In May, Holt urged dissident board members to “be careful to not just share what’s in your heart and on your mind.”

“The effort is to ensure it’s as community-informed as possible,” Holt said of ODOT’s process. “We are planting trees in whose shade we will never live.”

He tells WW he’s pleased with progress so far. “We have successfully moved the project forward and secured federal funding,” he says. The Rose Quarter project “offers the opportunity to create jobs, careers, small businesses, etc., for the people who have been most impacted by the historic harm. Try Excellence is at the center of that.”

Some lawmakers—and Kotek—know there’s an alternative to spending $1.9 billion ODOT doesn’t have in the Rose Quarter: Tolling would raise money and reduce traffic.

But in March, bowing to political pressure, Kotek told ODOT to halt seven years of work on getting motorists to pay tolls. (New York Gov. Kathy Hochul took a similar step in June.)

Rep. Khanh Pham (Tim Saputo)

State Rep. Khanh Pham (D-Portland), a Joint Transportation Committee member, says Oregonians want the agency to focus its resources on safe routes to school, fixing potholes and failing bridges, and maintaining existing roads, not billion-dollar projects. “We have dire needs across the state,” she says.

Pham acknowledges the Rose Quarter is a serious bottleneck. But, she says, rather than pursue a 20th century solution—more lanes—ODOT needs to “right-size” the project.
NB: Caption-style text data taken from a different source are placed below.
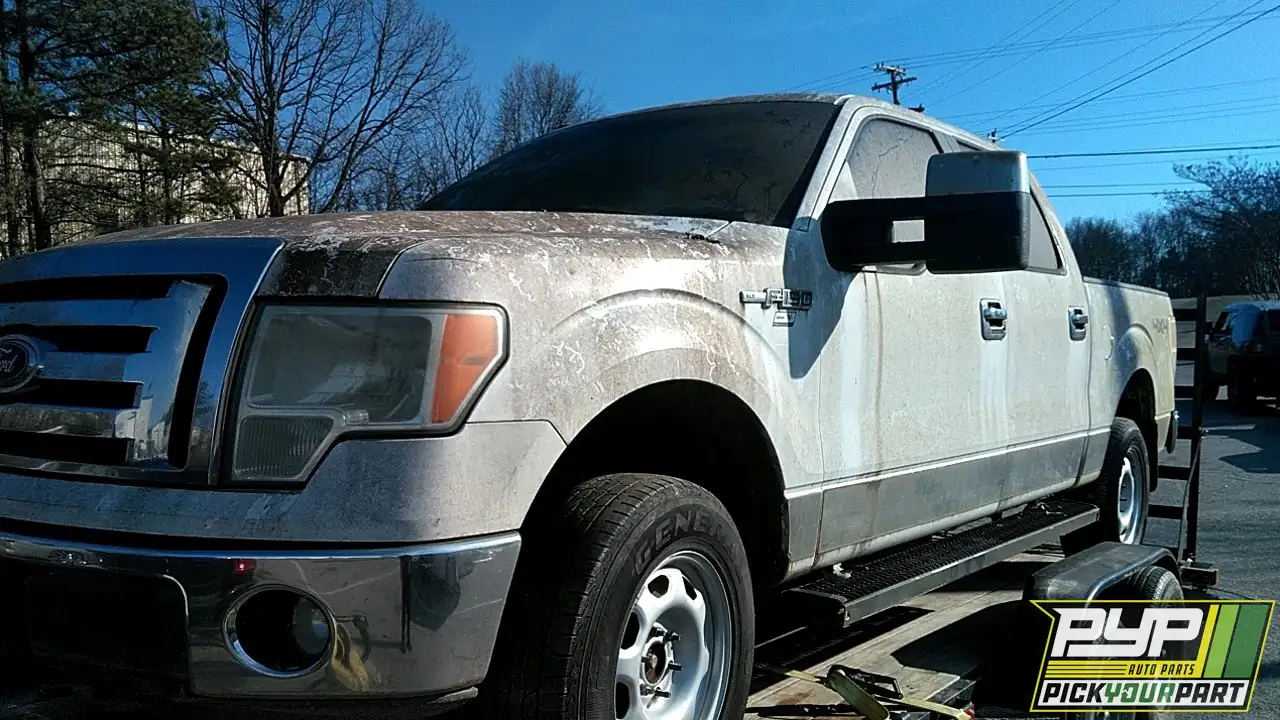 Photo of 2010 Ford F-150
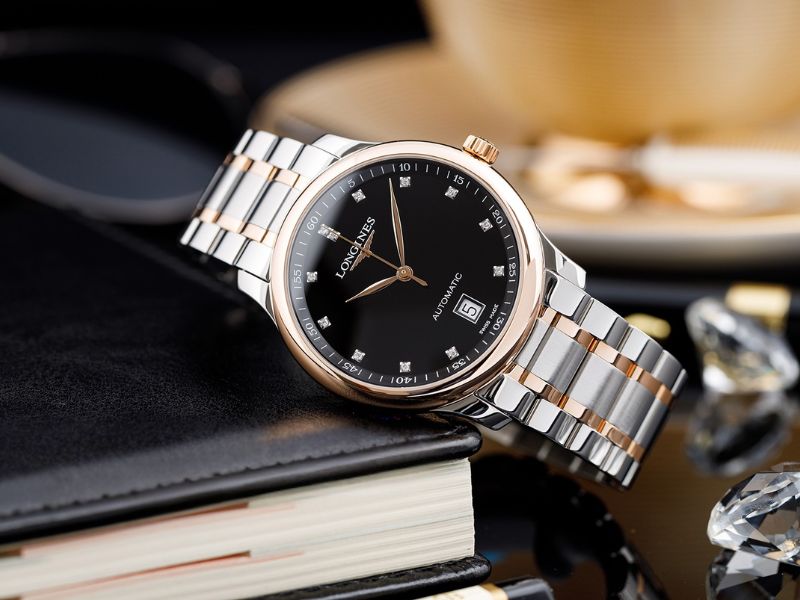 Cách Đeo Đồng Hồ Longines Đẹp Và Chuẩn Nhất Tại Nhà 3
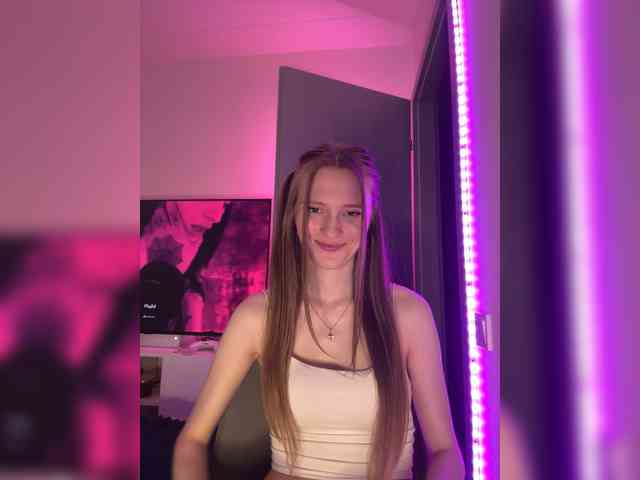 -Pandora- webcam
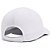 Boné Under Armour Snapback Shadow Run Branco Unissex - Imagem 2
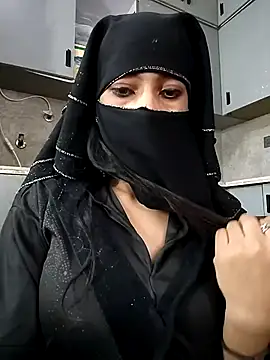 Noorkhatoon - Dildo ride in pusssy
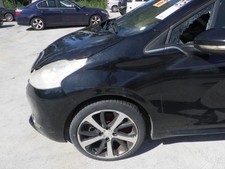 Aile gauche peugeot d'occasion  France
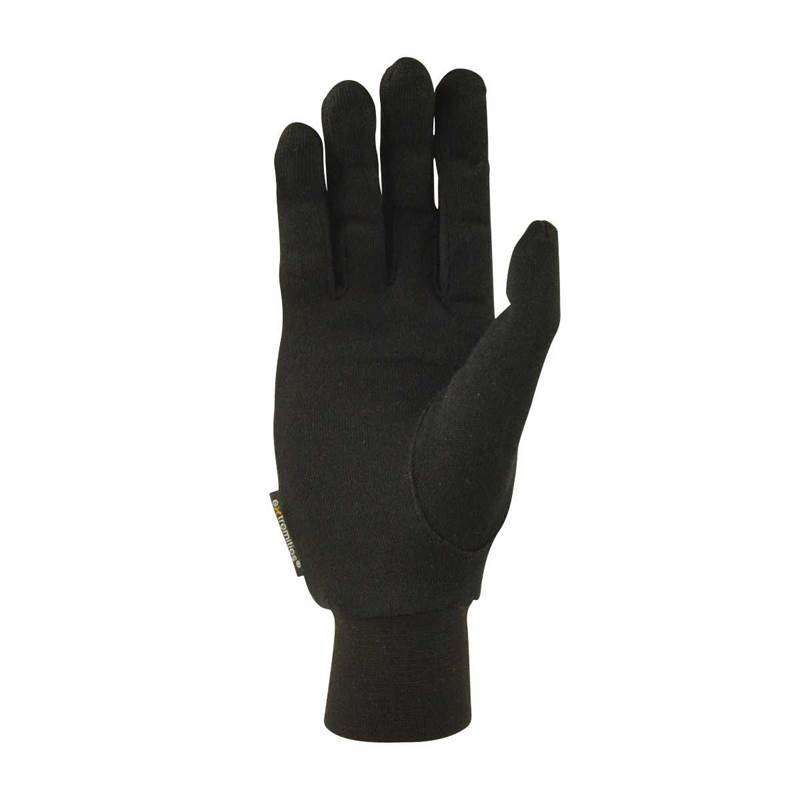 Extremities Silk Liner Gloves-2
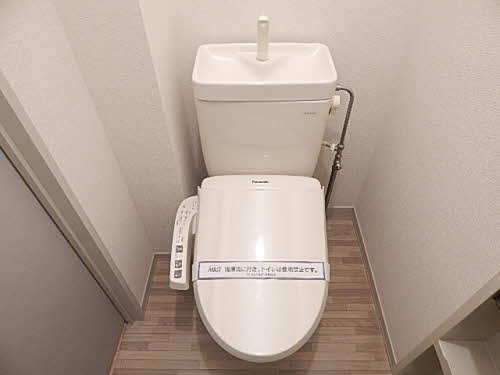 ラフィネ・香嵐　Ｄ棟　＊ D0201号-11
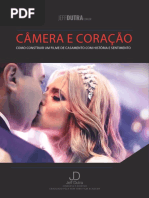 E Book Jeff Dutra Camera e Coracao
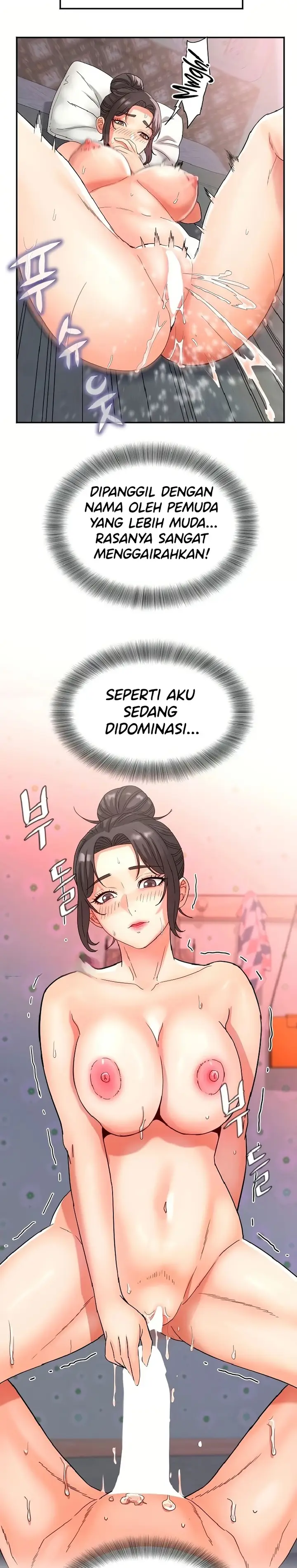 image-komik-aku-tinggal-serumah-dengan-tante-kesepian-chapter-19-15/29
The 21st century solution, she says, is to rebuild Albina by capping the highway and also reducing traffic through congestion pricing and tolling, tools used in many states: “That,” Pham says, “is the smart path forward.”

Gov. Tina Kotek. (Nathaniel Perales)

Kotek is watching the Rose Quarter carefully. “The governor believes centering the voices of the Historic Albina community that was displaced by I-5 construction is essential,” spokeswoman Elisabeth Shepard says. And, she adds, tolling is not off the table forever.

“The governor’s decision to pause the development of Oregon’s tolling program was made to allow for the right investment at the right time—after a robust, legislative conversation.”

Correction: This story originally said Try Excellence LLC received $832,000 from a city contract. That contract amount is correct but Try Excellence actually received $279,190. WW regrets the error.